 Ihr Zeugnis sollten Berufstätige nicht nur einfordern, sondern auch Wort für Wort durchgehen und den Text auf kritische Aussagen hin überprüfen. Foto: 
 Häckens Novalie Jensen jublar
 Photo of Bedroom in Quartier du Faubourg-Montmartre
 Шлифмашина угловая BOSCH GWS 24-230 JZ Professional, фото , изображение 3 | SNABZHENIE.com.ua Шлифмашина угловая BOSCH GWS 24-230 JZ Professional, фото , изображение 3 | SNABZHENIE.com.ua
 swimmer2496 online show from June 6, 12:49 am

..............................

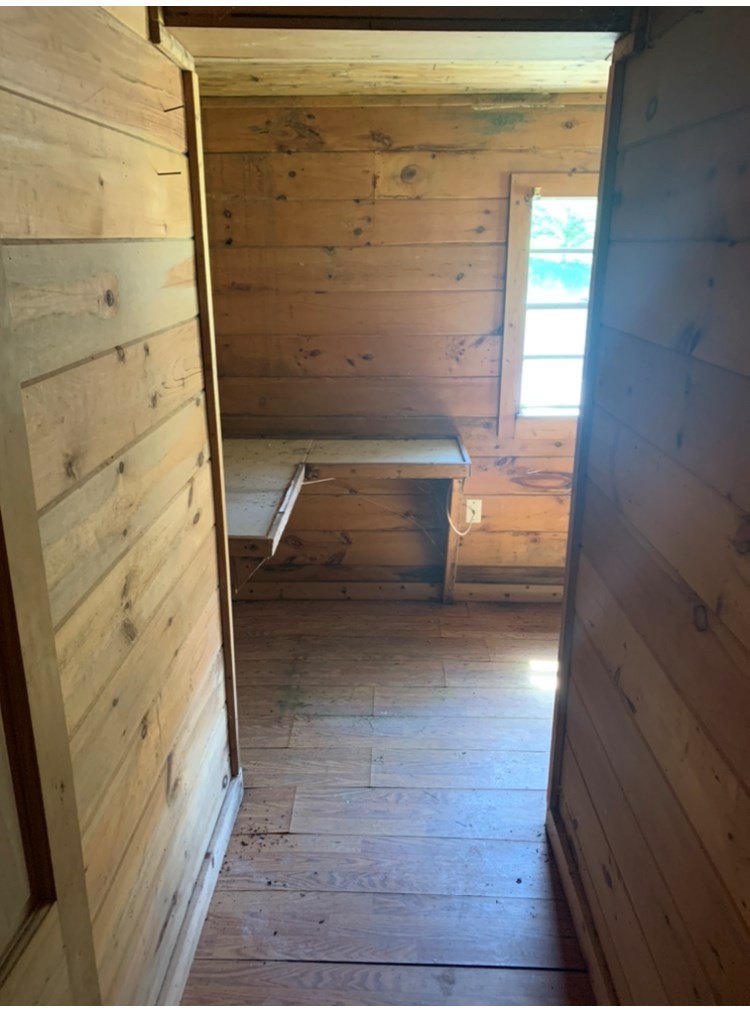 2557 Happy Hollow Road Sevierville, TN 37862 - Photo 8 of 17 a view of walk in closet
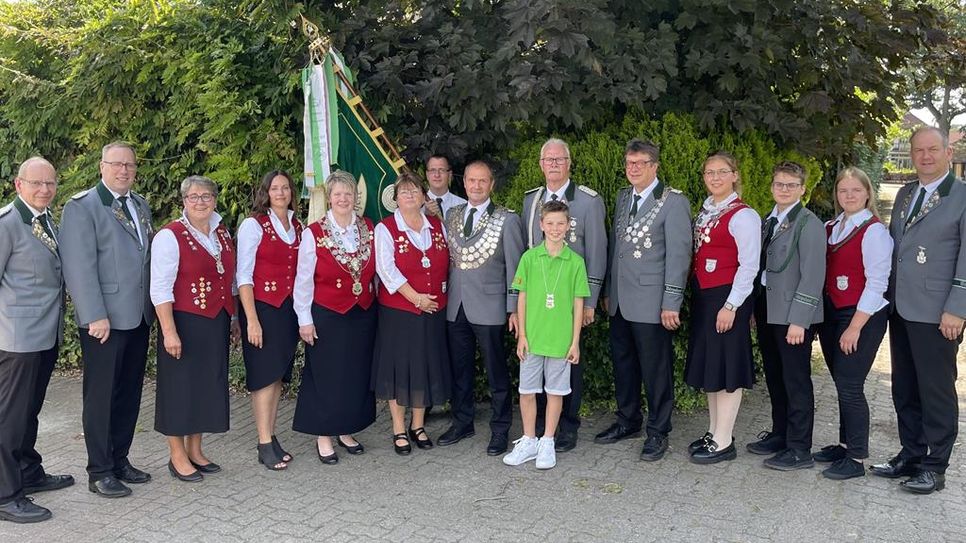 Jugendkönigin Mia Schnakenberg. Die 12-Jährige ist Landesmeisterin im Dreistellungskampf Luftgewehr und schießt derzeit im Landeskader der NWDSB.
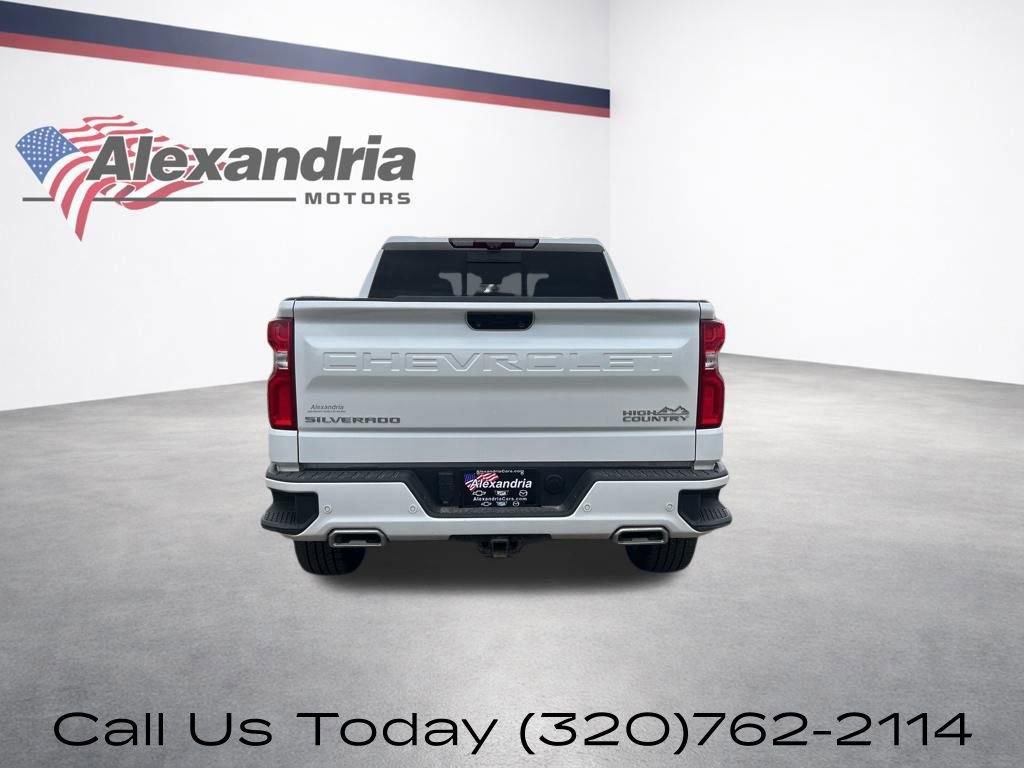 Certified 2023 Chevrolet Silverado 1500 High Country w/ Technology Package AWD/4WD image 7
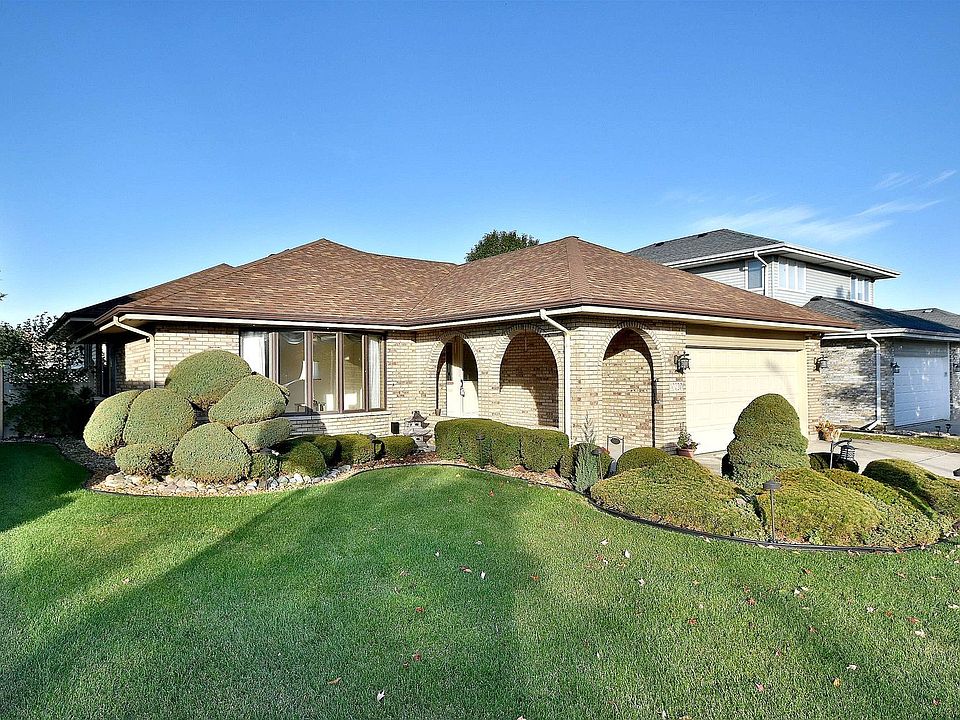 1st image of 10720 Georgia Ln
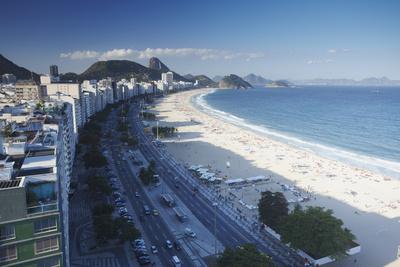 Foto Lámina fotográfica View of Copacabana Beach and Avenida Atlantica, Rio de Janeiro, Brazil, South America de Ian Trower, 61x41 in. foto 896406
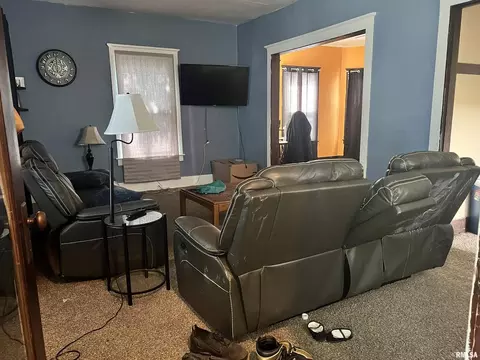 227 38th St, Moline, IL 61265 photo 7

..............................

Given the data above, transcribe exactly the lines from the one containing "SNABZHENIE.com.ua Шлифмашина угловая" down to the one containing "swimmer2496 online show", and no others.

* [Answer to this problem]:
 Шлифмашина угловая BOSCH GWS 24-230 JZ Professional, фото , изображение 3 | SNABZHENIE.com.ua Шлифмашина угловая BOSCH GWS 24-230 JZ Professional, фото , изображение 3 | SNABZHENIE.com.ua
 swimmer2496 online show from June 6, 12:49 am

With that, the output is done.